In the setting where edge resources can be rented and the SaaS can be partially hosted at the edge, we first characterize the fundamental limit on the performance of any policy. We propose an online hosting policy which dynamically determines what fraction of the SaaS is hosted at the edge based on the request arrival process and the various costs involved in an online manner. We corroborate our analytical results by comparing the performance of the proposed policy and some natural alternatives like TTL via trace-driven simulations using real data.

Joint work with Mohit Agarwala, Lakshmi Narayana, and Nikhil Karamchandani.
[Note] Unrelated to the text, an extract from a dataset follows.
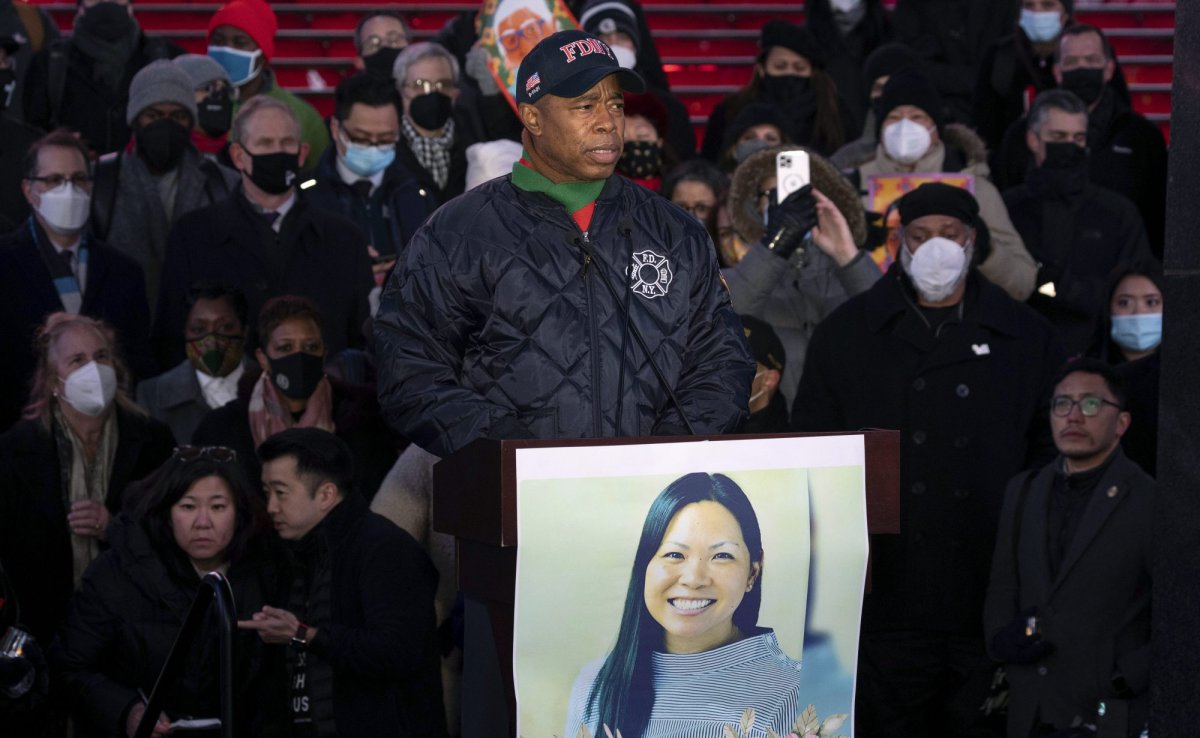 New York City Mayor Eric Adams speaks during a candlelight vigil in honor of Michelle Alyssa Go, a victim of recent subway attack, at Times Square on Tuesday, Jan. 18, 2022, in New York. (AP Photo/Yuki Iwamura).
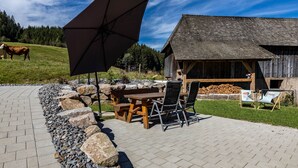 A patio with a wooden table and chairs, a large umbrella, and a rustic wooden building in the background. - Mühlen Chalet Apartment with Private Terrace (Titisee-Neustadt)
Title: Cognitive radio systems in next-generation wireless networks

Dr. Chetna Singhal is working as an Assistant Professor at the Department of Electronics and Electrical Communication Engineering, Indian Institute of Technology (IIT) Kharagpur since 2015. She was awarded DST-Inspire Faculty fellowship in 2015. She has received her M.Tech. (in Computer Technology) and Ph.D. degrees from IIT Delhi in 2010 and 2015, respectively. She completed B.Eng. from University of Pune in 2008 where she was awarded University Gold medal for securing the first rank. She has worked with IBM Software Lab, New Delhi, as a Software Engineer in 2010 for a year. Her research interests are in next generation heterogeneous wireless networks, with emphasis on cross-layer optimization, adaptive multimedia services, energy efficiency, and resource. allocation

Abstract: In 5G and upcoming 6G wireless networks, Citizens Broadband Radio Service (CBRS) Spectrum Access System (SAS) offer an alternative to unilateral licensed spectrum access. Multi Input Multi Output (MIMO) based Hybrid Cognitive Radio (CR) system utilizes both underlay and interweave CR techniques and provides higher spectral efficiency and ensures efficient utilization of the scarce electromagnetic spectrum. The next-generation wireless networks consisting of CR nodes can achieve high throughput performance by combinedly using Narrowband and Wideband (Multiple Carrier Direct Sequence Code Division Multiple Access, i.e., MC-DS-CDMA) technology adhering to the Interference Threshold limit. The CR network scenario consists of the primary users (PU) and CR secondary users (SU). CR nodes in such a framework access the spectrum channels in the absence of PU. Hybrid CR system ensures efficient spectral utilization under circumstances resulting in near zero throughput for SU. In the presence of PU, CR-SU transmits in either Narrowband or MC-DSCDMA based on the proposed transmission selection algorithm. In the absence of PU, SU uses Interweave technique thereby allowing other competing SUs to transmit in Interference Alignment underlay mode in a multi-user scenario. The achievable throughput is enhanced using the Hybrid-CR technique in a multi-user hybrid MIMO cognitive radio wireless network as compared to the existing system.